>>>>>

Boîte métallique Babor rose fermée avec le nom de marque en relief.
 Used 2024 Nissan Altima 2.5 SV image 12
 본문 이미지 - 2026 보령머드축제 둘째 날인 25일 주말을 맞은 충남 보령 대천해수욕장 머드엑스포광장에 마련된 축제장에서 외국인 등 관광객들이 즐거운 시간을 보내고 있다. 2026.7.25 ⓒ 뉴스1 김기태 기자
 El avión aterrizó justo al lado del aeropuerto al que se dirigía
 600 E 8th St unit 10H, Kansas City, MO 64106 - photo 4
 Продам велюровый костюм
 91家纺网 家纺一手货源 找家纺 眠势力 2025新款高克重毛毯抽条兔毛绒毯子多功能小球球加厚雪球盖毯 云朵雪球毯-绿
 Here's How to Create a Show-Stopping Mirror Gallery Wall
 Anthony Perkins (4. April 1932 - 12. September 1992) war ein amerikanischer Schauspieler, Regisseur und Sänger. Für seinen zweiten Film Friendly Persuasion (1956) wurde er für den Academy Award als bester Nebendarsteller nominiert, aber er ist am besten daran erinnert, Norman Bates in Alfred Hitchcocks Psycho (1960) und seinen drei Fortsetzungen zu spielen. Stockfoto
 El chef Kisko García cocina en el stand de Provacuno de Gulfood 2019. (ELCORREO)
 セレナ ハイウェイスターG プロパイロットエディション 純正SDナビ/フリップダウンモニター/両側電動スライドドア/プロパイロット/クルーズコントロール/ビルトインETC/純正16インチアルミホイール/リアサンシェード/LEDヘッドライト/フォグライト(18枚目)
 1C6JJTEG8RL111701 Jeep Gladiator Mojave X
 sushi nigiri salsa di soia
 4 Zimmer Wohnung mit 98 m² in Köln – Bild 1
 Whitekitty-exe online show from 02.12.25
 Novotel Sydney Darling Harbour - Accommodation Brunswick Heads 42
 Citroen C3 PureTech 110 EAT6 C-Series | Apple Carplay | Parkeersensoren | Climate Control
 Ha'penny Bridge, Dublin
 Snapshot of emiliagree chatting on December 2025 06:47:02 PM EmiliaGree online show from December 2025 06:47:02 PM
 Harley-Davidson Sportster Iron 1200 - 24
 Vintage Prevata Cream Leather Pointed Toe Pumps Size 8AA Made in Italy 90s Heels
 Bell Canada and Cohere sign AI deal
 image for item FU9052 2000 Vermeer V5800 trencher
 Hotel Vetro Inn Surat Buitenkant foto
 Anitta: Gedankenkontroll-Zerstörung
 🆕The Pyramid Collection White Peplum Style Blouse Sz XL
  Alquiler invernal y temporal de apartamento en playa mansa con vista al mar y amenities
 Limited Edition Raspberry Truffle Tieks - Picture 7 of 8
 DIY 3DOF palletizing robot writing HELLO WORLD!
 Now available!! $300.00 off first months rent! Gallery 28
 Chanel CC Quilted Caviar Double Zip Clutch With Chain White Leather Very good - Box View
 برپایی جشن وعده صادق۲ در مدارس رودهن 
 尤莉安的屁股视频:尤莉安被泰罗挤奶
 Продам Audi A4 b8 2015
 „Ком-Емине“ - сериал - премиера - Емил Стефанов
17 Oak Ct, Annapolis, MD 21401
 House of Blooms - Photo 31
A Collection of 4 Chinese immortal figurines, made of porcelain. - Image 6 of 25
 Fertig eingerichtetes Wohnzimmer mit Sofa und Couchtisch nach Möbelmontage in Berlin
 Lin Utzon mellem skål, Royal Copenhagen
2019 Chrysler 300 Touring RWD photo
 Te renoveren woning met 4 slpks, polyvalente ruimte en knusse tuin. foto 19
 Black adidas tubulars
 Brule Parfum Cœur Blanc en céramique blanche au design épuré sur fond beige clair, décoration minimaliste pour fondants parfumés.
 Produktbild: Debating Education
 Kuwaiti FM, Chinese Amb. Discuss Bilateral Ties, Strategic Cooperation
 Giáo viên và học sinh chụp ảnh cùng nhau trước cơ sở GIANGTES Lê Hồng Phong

<<<<<

[The problem] Would you quote everything above from the line containing "Anthony Perkins (4." down to the line containing "Harley-Davidson Sportster Iron 1200 - 24"? Include both of those lines and nothing else.

[Solution to this exercise]
 Anthony Perkins (4. April 1932 - 12. September 1992) war ein amerikanischer Schauspieler, Regisseur und Sänger. Für seinen zweiten Film Friendly Persuasion (1956) wurde er für den Academy Award als bester Nebendarsteller nominiert, aber er ist am besten daran erinnert, Norman Bates in Alfred Hitchcocks Psycho (1960) und seinen drei Fortsetzungen zu spielen. Stockfoto
 El chef Kisko García cocina en el stand de Provacuno de Gulfood 2019. (ELCORREO)
 セレナ ハイウェイスターG プロパイロットエディション 純正SDナビ/フリップダウンモニター/両側電動スライドドア/プロパイロット/クルーズコントロール/ビルトインETC/純正16インチアルミホイール/リアサンシェード/LEDヘッドライト/フォグライト(18枚目)
 1C6JJTEG8RL111701 Jeep Gladiator Mojave X
 sushi nigiri salsa di soia
 4 Zimmer Wohnung mit 98 m² in Köln – Bild 1
 Whitekitty-exe online show from 02.12.25
 Novotel Sydney Darling Harbour - Accommodation Brunswick Heads 42
 Citroen C3 PureTech 110 EAT6 C-Series | Apple Carplay | Parkeersensoren | Climate Control
 Ha'penny Bridge, Dublin
 Snapshot of emiliagree chatting on December 2025 06:47:02 PM EmiliaGree online show from December 2025 06:47:02 PM
 Harley-Davidson Sportster Iron 1200 - 24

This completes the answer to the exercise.